Des  économies  doivent  être  recherchées  à  travers  la modernisation de l’Etat,  une  décentralisation  efficace  et la réforme de notre protection sociale. Mais  ces  réformes  ne  peuvent  se  faire que dans la recherche obstinée  d’un consensus  national  obtenu par le dialogue. Cette nouvelle façon  de  faire  doit se traduire en tout premier lieu dans la gestion des finances  publiques.  Or, le projet de budget pour 2008 accentue le choc de méfiance.  Il  révèle  en effet l’incapacité du gouvernement à maîtriser le déficit  de l’Etat, puisque celui-ci devrait augmenter de 3,3 milliards d’Euros par rapport à 2007, pour atteindre 41,7 milliards d’Euros en 2008. De son côté, l’état des finances sociales n’est guère plus reluisant, avec un déficit du régime général de la Sécurité Sociale évalué pour 2008 à 9 milliards d’Euros et qui atteindra probablement plus de 12 milliards d’Euros.

 

La  position  de  la  France au sein de l’Union européenne s’est dégradée : elle fait  aujourd’hui  partie  des cinq pays européens les plus endettés, alors  qu’il y a dix ans elle était le 2ème pays le moins endetté. Surtout, en s’endettant toujours davantage pour couvrir ses déficits, notre pays est à  contre-courant  de la majorité de ses partenaires européens qui, eux, se désendettent.  Ces  mauvais résultats ont été obtenus alors même que l’Etat n’a  pas hésité à céder des actifs publics considérables : 15 milliards d’Euros tirés  de  la  privatisation des sociétés concessionnaires d’autoroutes fin 2005  ont  servi  en 2006 et 2007 à éponger une partie des déficits, l’Etat perdant au passage les recettes que les sociétés devaient verser au budget. La  France  est  ainsi  plus  que  jamais  vulnérable  à la hausse des taux d’intérêt  :  la seule charge de la dette de l’Etat devrait ainsi augmenter de 1,6 milliards d’Euros en 2008 par rapport à 2007.

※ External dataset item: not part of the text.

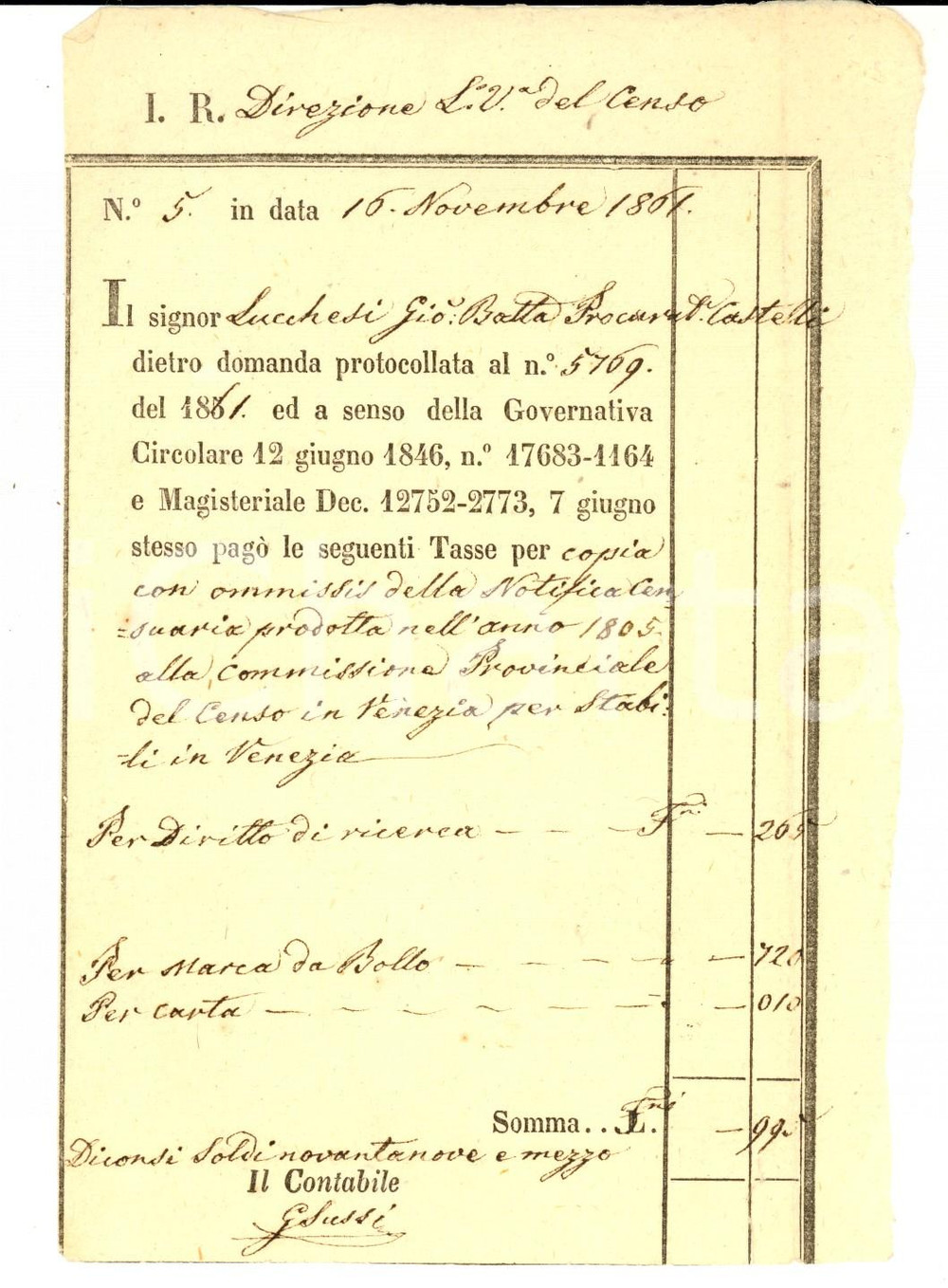 Documento originale, autentico 1861 VENEZIA Direzione del Censo  Ricevuta a Giovanni Battista LUCCHESI 1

La situation est d’autant plus inquiétante que les perspectives économiques et financières sont peu encourageantes. Avec des déficits extérieurs record depuis trois  ans,  révélateurs  de  la  perte  de  compétitivité de notre économie,   la France  cumule  désormais  les  handicaps  :  les  déficits commerciaux pèsent sur la croissance, et l’atonie de la croissance pèse sur les comptes publics.

Il  faut  donc un sursaut. Il faut d’autres façons de penser et d’agir car, pendant ce temps, la mondialisation n’attend pas. Les investissements dans les  pays émergents  s’accélèrent, les multinationales les ayant augmenté, souligne  la CNUCED,  de  38%  (+  1,3 milliards de dollars) en 2006, mais surtout  les groupes basés dans les pays en développement, comme Embraer au Brésil, Mittal  en  Inde  ou  Petronas  en  Malaisie,  sont aujourd’hui de redoutables concurrents dans les secteurs de pointe.

 

Le défi à relever est donc considérable mais il est à notre portée. Il doit s’appuyer  sur  nos  forces,  notre  matière  grise et sur les capacités de l’Europe. Il  faut cesser de jouer « petit bras »  et « petite politique ».

 

Et  surtout, Nicolas Sarkozy doit cesser de garder le pire de la continuité (la   dette   et  l’affairisme)  et  de  choisir  le  pire  de  la  rupture (l’affrontement  et les  injustices),  pour  agir  de  manière  moderne et efficace afin que la France saisisse, de énergiquement, toutes ses chances.

C’est une société de confiance qui permet le choc de croissance.